DATA FOR THE TASK section start

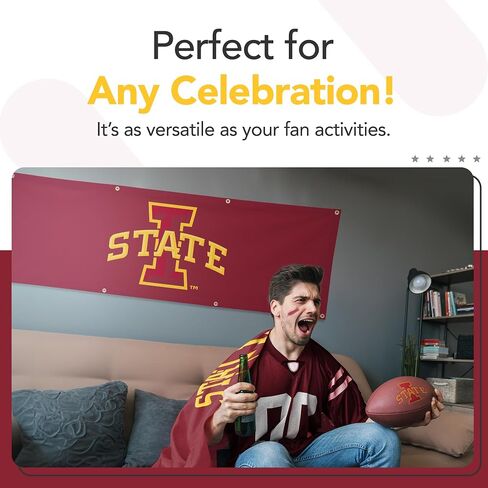 Iowa State Cyclones College Sports Printed Polyester Banner - NCAA Licensed - Hanging Graduation Decoration - School Banner (Red, Yellow) (2' x 6') in Kuwait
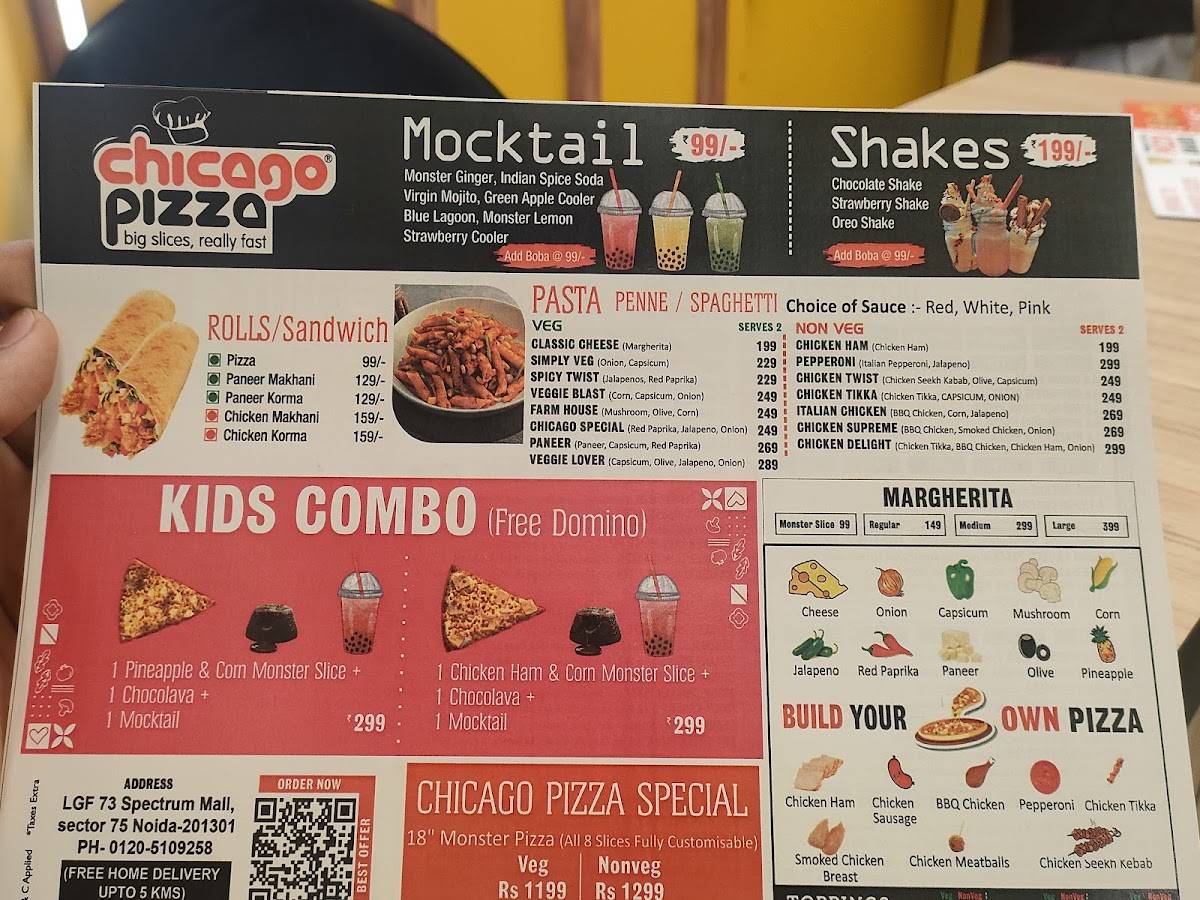 Chicago Pizza - Spectrum Mall Noida Best Pizza in Noida menu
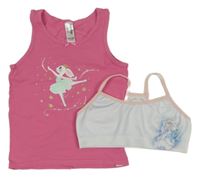 2set - Tmavorůžová košilka s králíkem + světlemodrá lambáda s Elsou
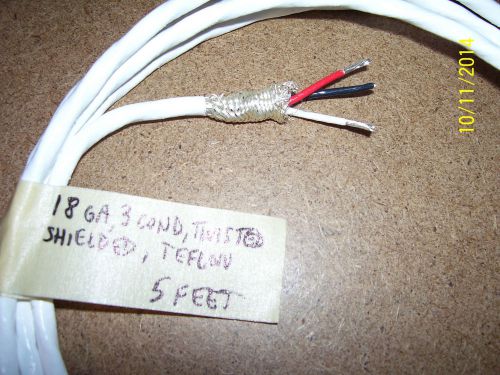 18 AWG Teflon Shielded Twisted Triple(3 cond) Silver Plated Wire Cable 5 feet
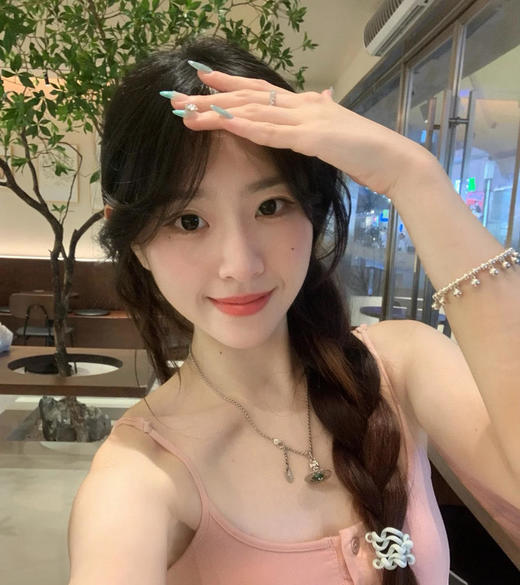 西太后薄荷绿项链U绝美立体土星项链，银色配薄荷绿珠（XTY） 商品图2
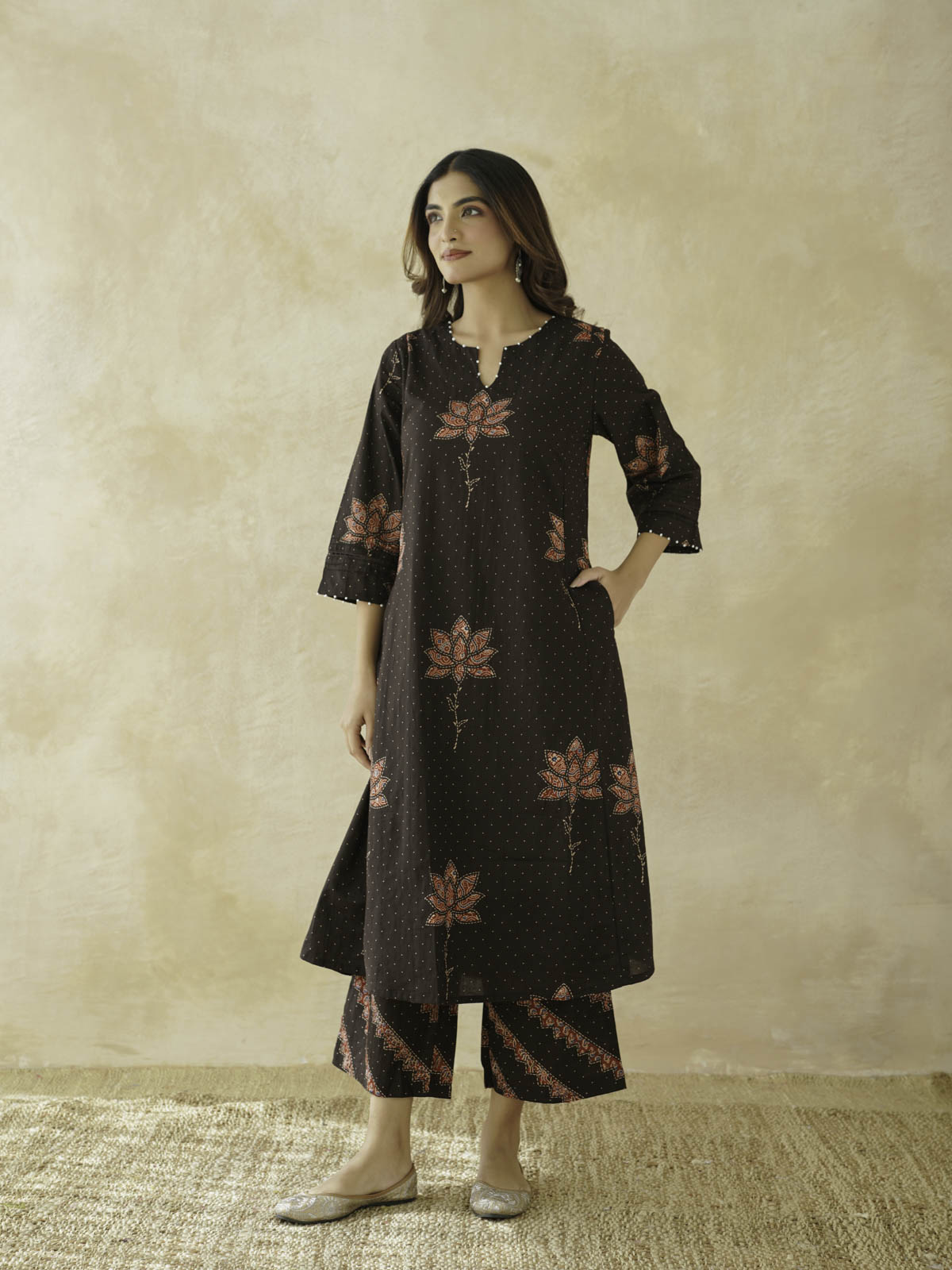 Cotton Printed Aline Geet Kurta Set For Women Black Lotus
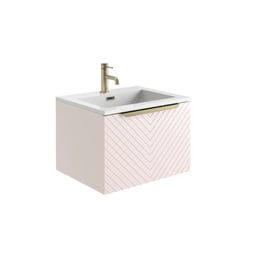 Scudo Chevron Pink Wall Hung Bathroom Vanity Unit with Basin 600mm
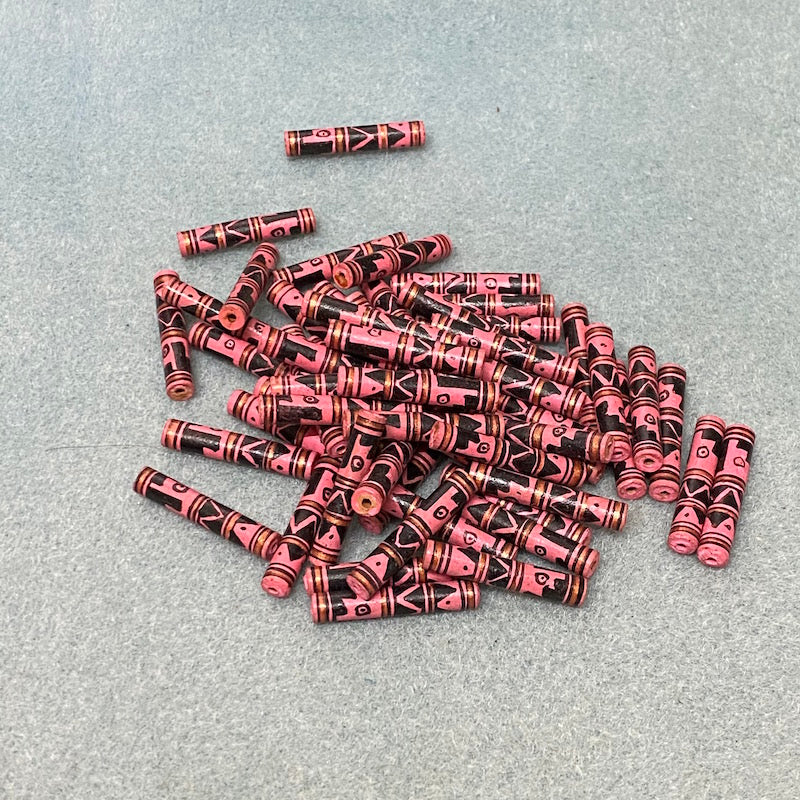 28x4mm Tube (5) - Terracotta Hand Painted Vintage Beads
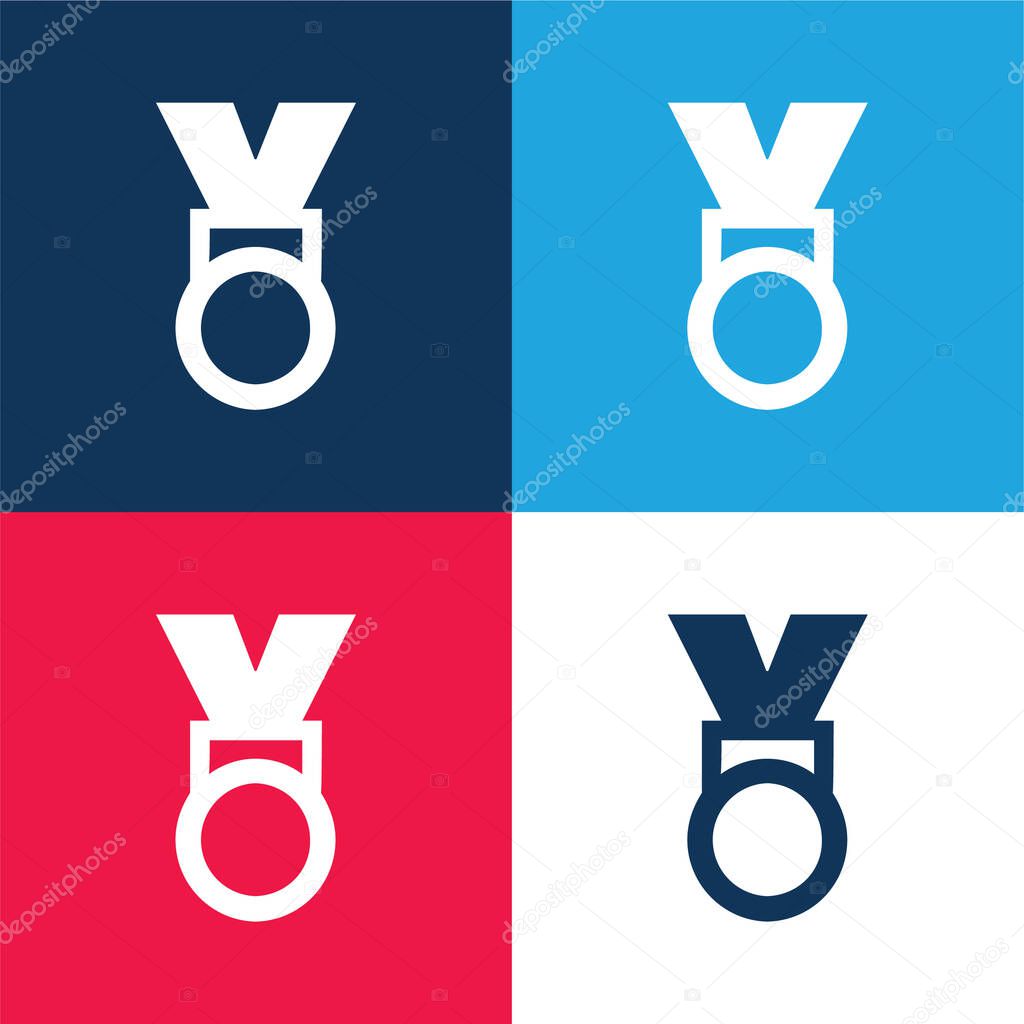 Award Medal blue and red four color minimal icon set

DATA FOR THE TASK section end

### WHAT TO PRODUCE:
Repeat the records above exactly, without pictures.

### WRITTEN RESPONSE:
 Iowa State Cyclones College Sports Printed Polyester Banner - NCAA Licensed - Hanging Graduation Decoration - School Banner (Red, Yellow) (2' x 6') in Kuwait
 Chicago Pizza - Spectrum Mall Noida Best Pizza in Noida menu
 2set - Tmavorůžová košilka s králíkem + světlemodrá lambáda s Elsou
 18 AWG Teflon Shielded Twisted Triple(3 cond) Silver Plated Wire Cable 5 feet
 西太后薄荷绿项链U绝美立体土星项链，银色配薄荷绿珠（XTY） 商品图2
 Cotton Printed Aline Geet Kurta Set For Women Black Lotus
 Scudo Chevron Pink Wall Hung Bathroom Vanity Unit with Basin 600mm
 28x4mm Tube (5) - Terracotta Hand Painted Vintage Beads
 Award Medal blue and red four color minimal icon set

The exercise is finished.